拝見 研究室の本棚 第5回 正確な読みでまだ見ぬ世界を知る 髙田緑 国際高等教育院 非常勤講師
2025.02.16

自宅の本棚には、授業で扱ってきたフリードリヒ・デュレンマットやトーマス・マンなどのドイツ語圏の作家の原書や訳書が並ぶ。更に、ワイルダーの「小さな家」シリーズや、C・S・ルイスの『ナルニア国物語』といった幼い頃に読んだという海外小説も収める。
幼い頃から音楽家を目指し、パイプオルガンで音大を受験したが上手く行かず、浪人生活を送ることになる。そんな中、姉の本棚にあった一冊の本に出会って運命が変わった。その本とは『道ありき〈青春編〉』(新潮文庫)。作家・三浦綾子の自伝的小説だ。他の文学作品であれば「美しく書いて終わるだろう」人生の中での葛藤や絶望が、全編を通して赤裸々に綴られていて、大きな衝撃を受けた。「文学畑にいたい」と思うようになり、学習院大学文学部を受験。無事合格した。
学部卒業後はドイツの大学院に進学し、ホロコースト文学の研究に打ち込んだ。自宅の本棚には、その時に使用したハンナ・アーレントの著作や、ドイツ語の辞書が多数並んでいる。その中には、研究のきっかけとなった『追究 アウシュヴィツの歌』(白水社)もある。この本は、ペーター・ヴァイスの演劇『追究』を文字に起こしたもの。アウシュヴィッツ裁判での約350人の証言を基に戦時下の状況を辿る作品で、1965年の初演以降、ドイツ国内で何年にもわたって上演されてきた。この劇を上演された年代別に観た結果、上演年によって差異があると気付き、興味を持った。例えば、初演時は被害者と加害者を別人が演じていたが、「誰でも被害者、加害者になりうる」との解釈から、現代ではどちらも同一人物が演じる。こうした差異に、ホロコーストに対するドイツ人の理解の変化を見出して博士論文を執筆し、ドイツで出版した。

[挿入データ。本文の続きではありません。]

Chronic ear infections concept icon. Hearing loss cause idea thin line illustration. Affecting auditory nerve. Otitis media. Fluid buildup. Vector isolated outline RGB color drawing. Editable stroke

帰国後に神学を研究する夫と結婚。教会での説教を準備する夫の声に耳を傾ける中で、田川建三の『新約聖書 本文の訳』(作品社)に出会った。ギリシア語で書かれた原書に含まれる時制の不一致やぎこちない箇所が忠実に日本語に訳されていて、「正確に読んだ方が正確に分かる」と読んでいて面白かった。また、最初にマルコによる福音書を持ってくるなど、伝統的な並び方に従っていない点も興味深かった。
今でもよく本を読んでいる。現在注目するのは、スワヒリ語の訳者・小野田風子。『翻訳文学紀行Ⅴ』(ことばのたび社)に収録された「バレンズィ」という短編小説で知った。原書は、タンザニアの作家であるE・ケジラハビが、ヨーロッパの様々な文学的手法を取り入れながら、スワヒリ語で書いた作品だ。戦争時に息子の遺体が飛行機で運ばれてきて以来、飛行機を見ると叫んで走るようになったおばあさんの姿によって、戦争のトラウマが鮮明に描かれている。「原書が持っている力を損なわない」訳であると感じつつ、自分の知らなかった国の問題が分かって、思わず「ぞわっと」した。
「世界を知りたい」。自分は見ることのできない現実の世界で何が起き、どんな心の叫びがあるのか。それを教えてくれたのが、本だった。知らない世界を求めて、今後も本を読み続ける。(郷)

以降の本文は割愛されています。